Não há do que reclamar: este governo foi de Olavo e dos seus. Fracassou pois não haveria como dar certo, pois Bolsonaro não foi eleito para governar e tratou de deixar isso claro ao longo destes tristes três anos de mandato. E agora, diante de uma derrota eleitoral iminente, o filósofo se descola do rei e, como que num passe de mágica, diz não ter relação alguma com o desastre que patrocinou.

Olavo não é Platão, mas esta gestão foi sua Siracusa. O fiasco mancha sua carreira, suas certezas absolutas, sua infalibilidade perante a massa de rapazes abobados que lhe outorgam o caráter de mestre.
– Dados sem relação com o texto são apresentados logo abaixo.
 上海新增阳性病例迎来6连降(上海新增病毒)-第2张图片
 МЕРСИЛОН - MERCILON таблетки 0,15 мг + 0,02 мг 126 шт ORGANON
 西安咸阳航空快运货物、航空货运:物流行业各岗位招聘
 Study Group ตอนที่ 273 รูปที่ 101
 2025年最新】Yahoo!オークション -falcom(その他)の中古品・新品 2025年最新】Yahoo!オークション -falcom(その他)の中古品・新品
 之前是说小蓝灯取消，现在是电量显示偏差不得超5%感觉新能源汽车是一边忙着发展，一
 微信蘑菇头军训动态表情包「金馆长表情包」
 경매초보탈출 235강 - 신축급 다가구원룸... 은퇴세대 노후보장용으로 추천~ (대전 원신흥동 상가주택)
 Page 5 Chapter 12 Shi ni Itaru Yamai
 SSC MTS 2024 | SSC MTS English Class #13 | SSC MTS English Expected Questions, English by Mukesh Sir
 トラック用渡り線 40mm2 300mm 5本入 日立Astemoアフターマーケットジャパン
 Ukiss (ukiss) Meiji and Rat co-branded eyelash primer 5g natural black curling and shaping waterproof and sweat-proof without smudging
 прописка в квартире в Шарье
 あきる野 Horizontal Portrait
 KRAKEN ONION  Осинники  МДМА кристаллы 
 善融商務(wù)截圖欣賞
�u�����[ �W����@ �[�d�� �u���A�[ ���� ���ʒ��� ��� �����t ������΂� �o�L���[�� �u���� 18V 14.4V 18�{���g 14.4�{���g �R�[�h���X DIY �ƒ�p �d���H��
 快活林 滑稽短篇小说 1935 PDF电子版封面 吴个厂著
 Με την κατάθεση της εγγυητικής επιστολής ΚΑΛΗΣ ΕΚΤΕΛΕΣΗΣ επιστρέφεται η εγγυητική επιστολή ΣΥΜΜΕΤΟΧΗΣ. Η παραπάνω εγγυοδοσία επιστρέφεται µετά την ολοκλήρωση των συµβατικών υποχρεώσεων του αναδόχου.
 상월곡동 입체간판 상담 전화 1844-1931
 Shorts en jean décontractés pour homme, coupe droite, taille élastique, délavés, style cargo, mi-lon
Olavo tem razão, e assim será; ele não pode participar de um governo derrotado. Mas as vicissitudes da liderança — e ele conduz sua rede com mãos de ferro — não lhe permitem sair de cena. E é aí que perguntamos: o que fará o filósofo sem seu presidente?

O comentarista político Eduardo Bisotto tem uma pista. Ele vê em Eduardo Bolsonaro, o mais ideológico dos filhos, o refúgio seguro para que Olavo recrie sua mística com um mínimo de estrutura política e pouca vinculação com o show de horrores do governo atual. O comentarista prevê que o grupo, livre de Jair e suas associações com o centrão, possa hegemonizar uma oposição ideológica ao governo Lula, valendo-se, possivelmente, de um agravamento da crise econômica e do já esperado duro acerto de contas que viria no mandato petista.

Compartilho da tese, com moderação; o olavismo já ensaiou um jogo duplo de independência parcial do governo federal, em seu início, buscando recrudescer a base militante dois ou três tons acima da linha governista. Falhou — suas lideranças não aguentaram o tranco e o governo Bolsonaro se provou mais irrazoável que a própria militância. Há certo vício na adesão fácil à figura maior; é da lógica própria das redes sociais. Essa gente abandonaria a curtida fácil em prol de uma estratégia minoritária? Não sei... 

Não vejo em Eduardo ou em sua massa de influenciadores a capacidade de liderar um processo muito diferente daquele ocorrido entre 2015 e 2018. Mais: embriagados pelas delícias do poder, não terão resiliência para operar na planície, assediados pelas prováveis CPI’s e investigações que irão castigar os participantes deste governo. Mas não descarto a hipótese, visto que o pensamento de Olavo é a única coisa a ocupar aquela cabecinha confusa de deputado que se acha príncipe. Se há um caminho, é este. Não haveria resistência. 

O futuro, portanto, é incerto. O que temos é um encerramento de ciclo, o fim da nova direita brasileira, que teve em Olavo seu Alfa e seu Ômega. A próxima eleição não será dada mediante os termos e teses que hegemonizaram 2018. O espírito do tempo é outro — baseado, antes de tudo, no fracasso humano e moral de um pensamento que se propôs cristão e popular, mas que se revelou autoritário e conspiratório, mais vingança que proposição. Será nas cinzas do seu fiasco que o velho da Virgínia tentará se reconstruir em vida. Não lhe desejo sorte.